But the global academic community isn’t sitting idle. A robust movement is gaining momentum, advocating for a significant reform of the academic publishing paradigm, demanding authentic open-access publishing models, enhanced transparency, and equitable pricing.

"As academic publishing stands at a crossroads, the way forward must prioritize the unrestricted and equitable dissemination of knowledge."

Renowned reform initiatives, like the Plan S in Europe, spearheaded by a coalition of national research agencies and funders (cOAlition S), advocate for all publicly funded research to be freely available. Concurrently, the Center for Open Science, a key player in promoting transparency and reproducibility in research, has been instrumental in supporting these open-access movements.
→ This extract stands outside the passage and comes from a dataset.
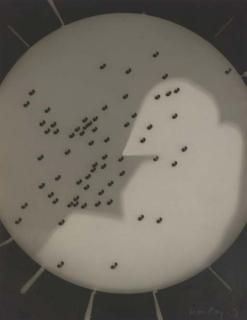 Man Ray - Rayograph, 1931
An increasing number of academics, bolstered by the ethos of organizations like the Center for Open Science, are boycotting journals that engage in double-dipping practices. They are opting instead to publish their work on preprint servers such as bioRxiv and arXiv, or in bona fide open-access journals like PLOS ONE.

As academic publishing stands at a crossroads, the way forward must prioritize the unrestricted and equitable dissemination of knowledge. The vibrancy and effectiveness of academic discourse hinge upon this. Identifying and eradicating exploitative publishing practices is paramount for the health of academic research and global intellectual exchange. The crusade against double-dipping is not just a cause célèbre; it’s a mandate for democratizing knowledge in the 21st century.